Tightness in the calf muscles is a common contributing factor. A structured home exercise program should focus on:

  • Gastrocnemius and soleus stretching: Daily stretches to improve ankle dorsiflexion and reduce tension on the heel.
  • Hamstring stretching: Tight hamstrings can alter gait and increase heel pressure.
  • Foot intrinsic muscle strengthening: Exercises to support the arch and improve foot mechanics.

A podiatrist or physiotherapist can provide guidance and ensure correct technique.

5. Ice and Anti-inflammatory Measures

Symptomatic relief can be achieved with:

  • Ice packs applied to the heel for 10–15 minutes after activity
  • Non-steroidal anti-inflammatory drugs (NSAIDs) such as ibuprofen, if appropriate and under medical supervision

Topical anti-inflammatory gels may also be considered for localized pain.

6. Patient and Parent Education

Education is critical to ensure understanding of the condition’s benign and self-limiting nature. Key points include:

  • Emphasizing that symptoms will resolve with time and growth plate closure
  • Encouraging adherence to activity modifications and exercises
  • Addressing concerns about long-term impact (there is typically no lasting damage)

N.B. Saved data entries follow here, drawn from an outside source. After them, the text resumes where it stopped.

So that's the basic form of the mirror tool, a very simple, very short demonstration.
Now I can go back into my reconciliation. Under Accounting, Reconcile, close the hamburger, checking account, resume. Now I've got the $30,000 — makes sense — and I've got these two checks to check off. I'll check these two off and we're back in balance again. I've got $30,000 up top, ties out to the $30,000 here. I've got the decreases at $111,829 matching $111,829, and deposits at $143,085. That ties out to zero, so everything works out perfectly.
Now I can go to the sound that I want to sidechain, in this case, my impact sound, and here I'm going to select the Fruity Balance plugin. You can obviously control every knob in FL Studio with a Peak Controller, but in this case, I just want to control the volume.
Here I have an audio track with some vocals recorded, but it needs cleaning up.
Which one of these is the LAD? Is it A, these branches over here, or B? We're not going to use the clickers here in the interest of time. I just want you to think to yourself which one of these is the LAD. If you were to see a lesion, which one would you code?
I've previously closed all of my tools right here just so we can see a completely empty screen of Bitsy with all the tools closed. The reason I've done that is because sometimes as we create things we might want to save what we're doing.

Setting realistic expectations can reduce anxiety and improve compliance.

7. Rare and Advanced Interventions

In rare cases where pain is severe or persistent despite conservative measures, further interventions may be considered:

  • Short-term immobilization in a walking boot or cast for severe cases
  • Referral to a specialist for persistent or atypical symptoms

Surgical intervention is almost never indicated for calcaneal apophysitis.

Prognosis and Return to Activity

The prognosis for calcaneal apophysitis is excellent. Most children experience complete resolution of symptoms within weeks to months. Return to full activity should be gradual, guided by symptom resolution rather than a fixed timeline. Ongoing stretching and strengthening, as well as attention to footwear, can help prevent recurrence.

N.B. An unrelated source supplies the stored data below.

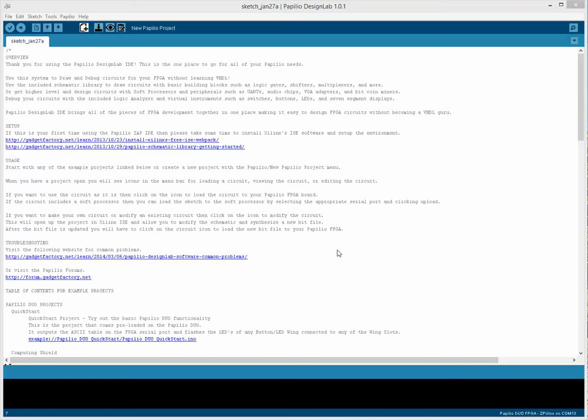Hello everyone, Jack here, and today we're going to take a look at the Design Lab software.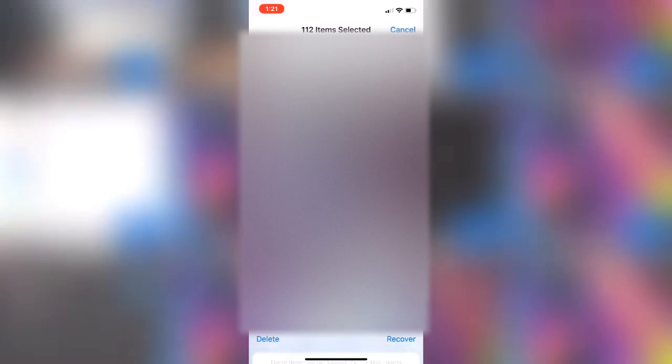...you can go ahead and do the same thing you did in the normal camera roll and just select all these and press delete. You actually also have the option to recover it, but we're just going to go ahead and delete these, and now we have more space in our phone for more photos to take.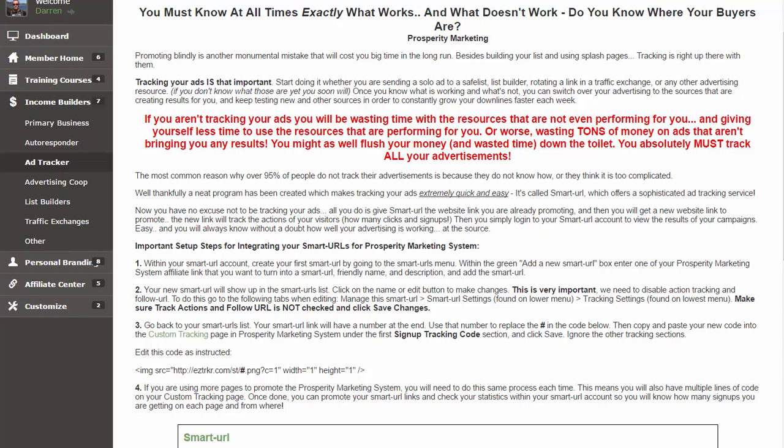Hey there, Darren Olander here. In this video I'm going to show you how to set up Smart URL to work with the Prosperity Marketing System so you'll be tracking where all of your signups are coming from.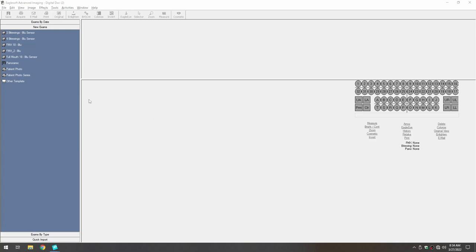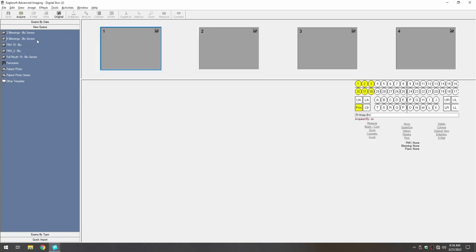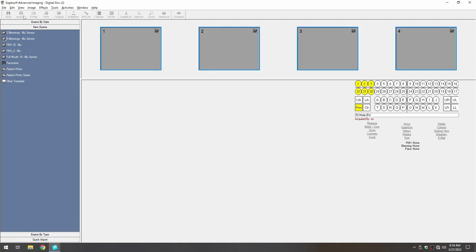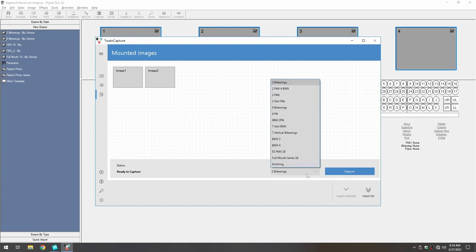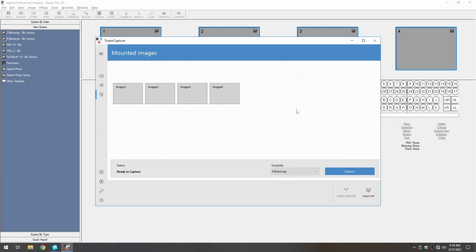Let's acquire that four ByteWing series by selecting the exam and clicking on the Acquire button. Then, we'll select the preferred mount in the Twain driver, then click on the Capture button to start the acquisition sequence.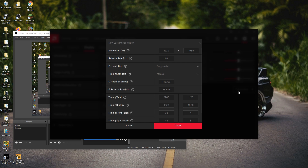Then go to resolution and type in — since I'm on a 1080p monitor, I'm going to use a 1080p 4 by 3 aspect ratio resolution — so type in 1440, and then going down to timing display, type in 1440.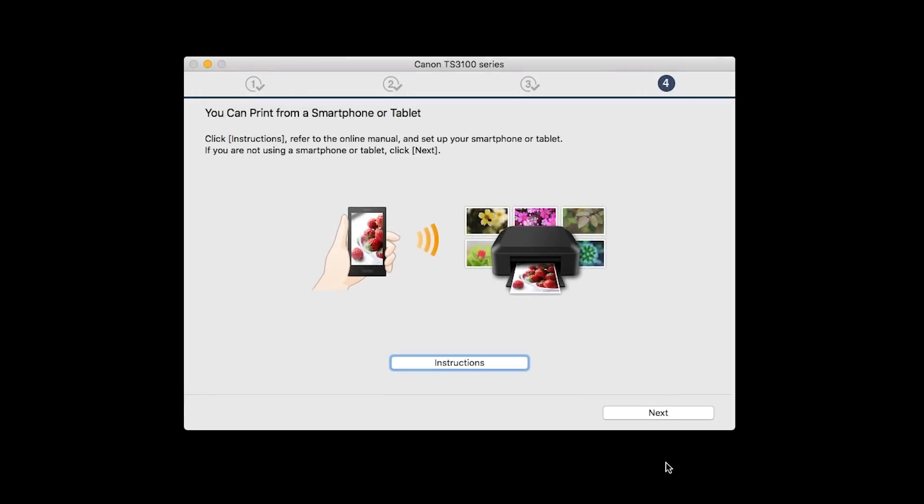On this screen, you can get instructions on how to set up a mobile device such as a smartphone or tablet. Click Next.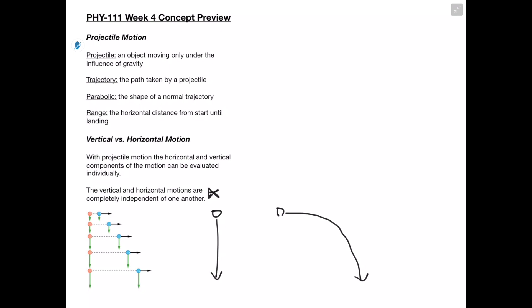Even though their horizontal components are different, their vertical components are still the same. This proves that the vertical and horizontal motions are independent of one another. Both of these objects are going to hit the ground at the same time, even though one is first thrown horizontally and the other is simply dropped, because they start at the same height and gravity is the only thing working on them.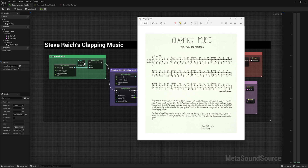What happens is there's two performers or two groups. The first one does this same pattern every time — there are 12 different bars — and then the second group or performer does this same pattern, except it shifts which note we start the pattern on.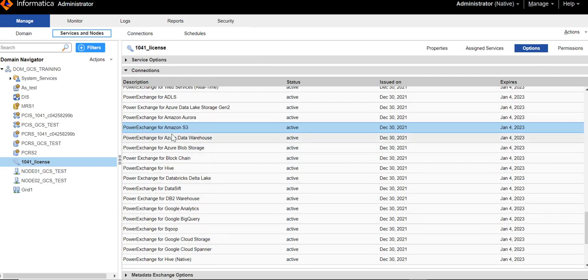Here in this video, let us consider an example for PowerExchange for Amazon S3 connector. You can see it is available.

Calcaneal apophysitis is a common and treatable cause of heel pain in children. Early recognition, patient-centered education, and a multifaceted conservative management plan are key to successful outcomes. By addressing biomechanical factors, modifying activities, and supporting the child and family through the recovery process, healthcare providers can ensure optimal recovery and a safe return to activity.